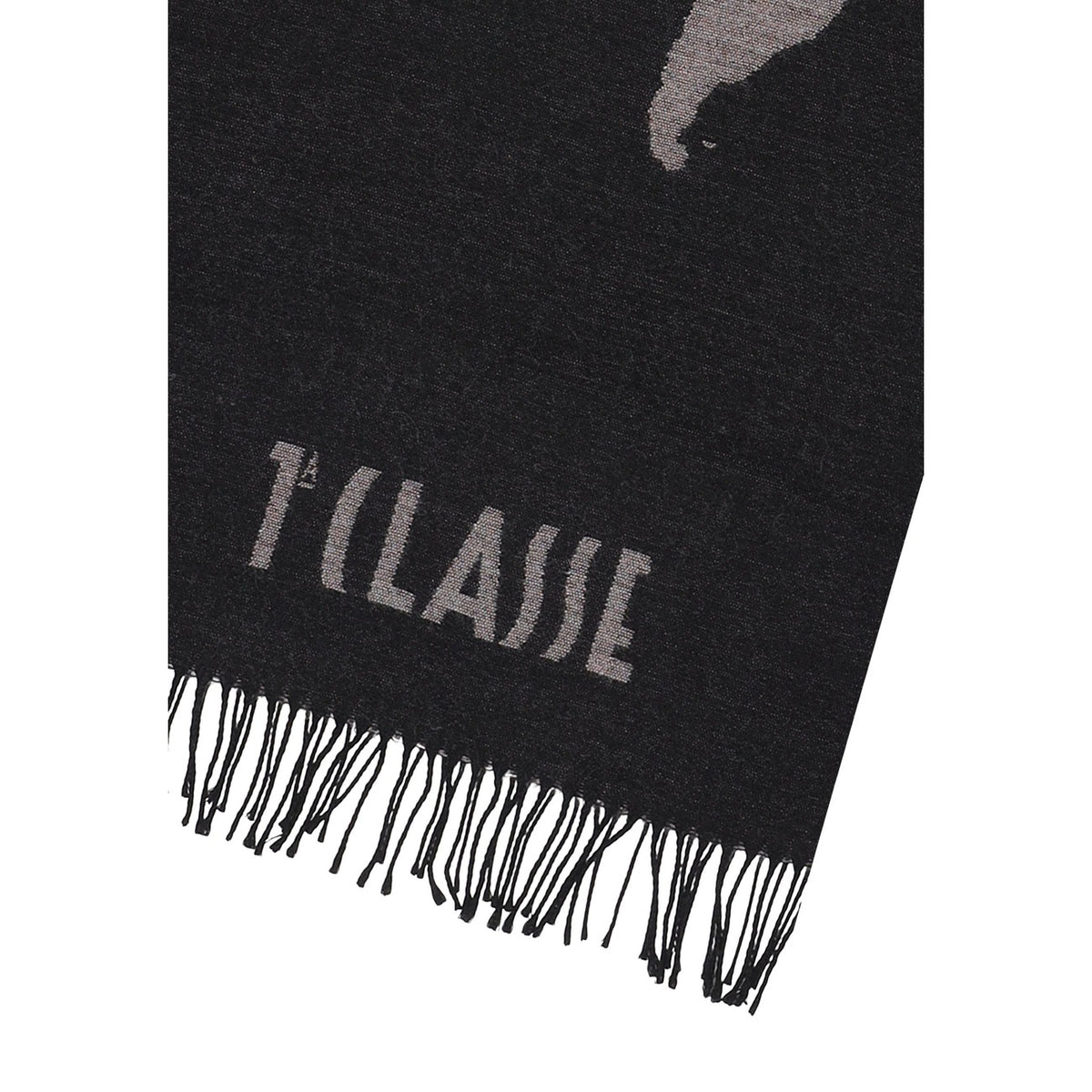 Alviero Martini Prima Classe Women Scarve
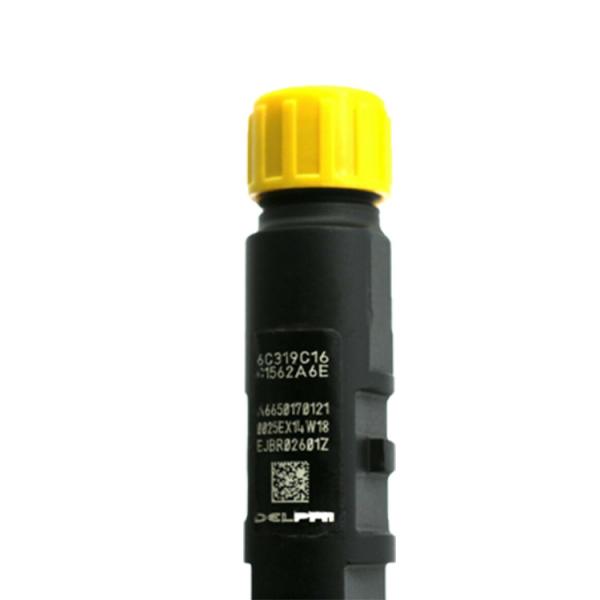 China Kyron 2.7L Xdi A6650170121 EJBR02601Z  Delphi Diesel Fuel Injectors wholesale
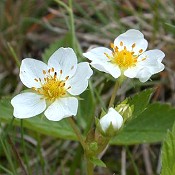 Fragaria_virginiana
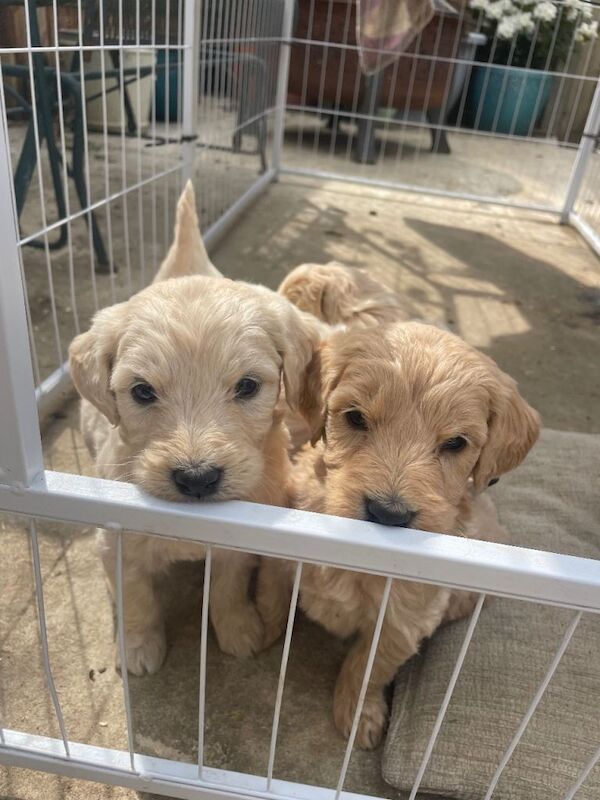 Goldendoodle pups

**WHAT TO PRODUCE**
Exact transcription of the full listing above is required; images do not belong in it.

**FINAL ANSWER**
 Alviero Martini Prima Classe Women Scarve
 China Kyron 2.7L Xdi A6650170121 EJBR02601Z  Delphi Diesel Fuel Injectors wholesale
 Fragaria_virginiana
 Goldendoodle pups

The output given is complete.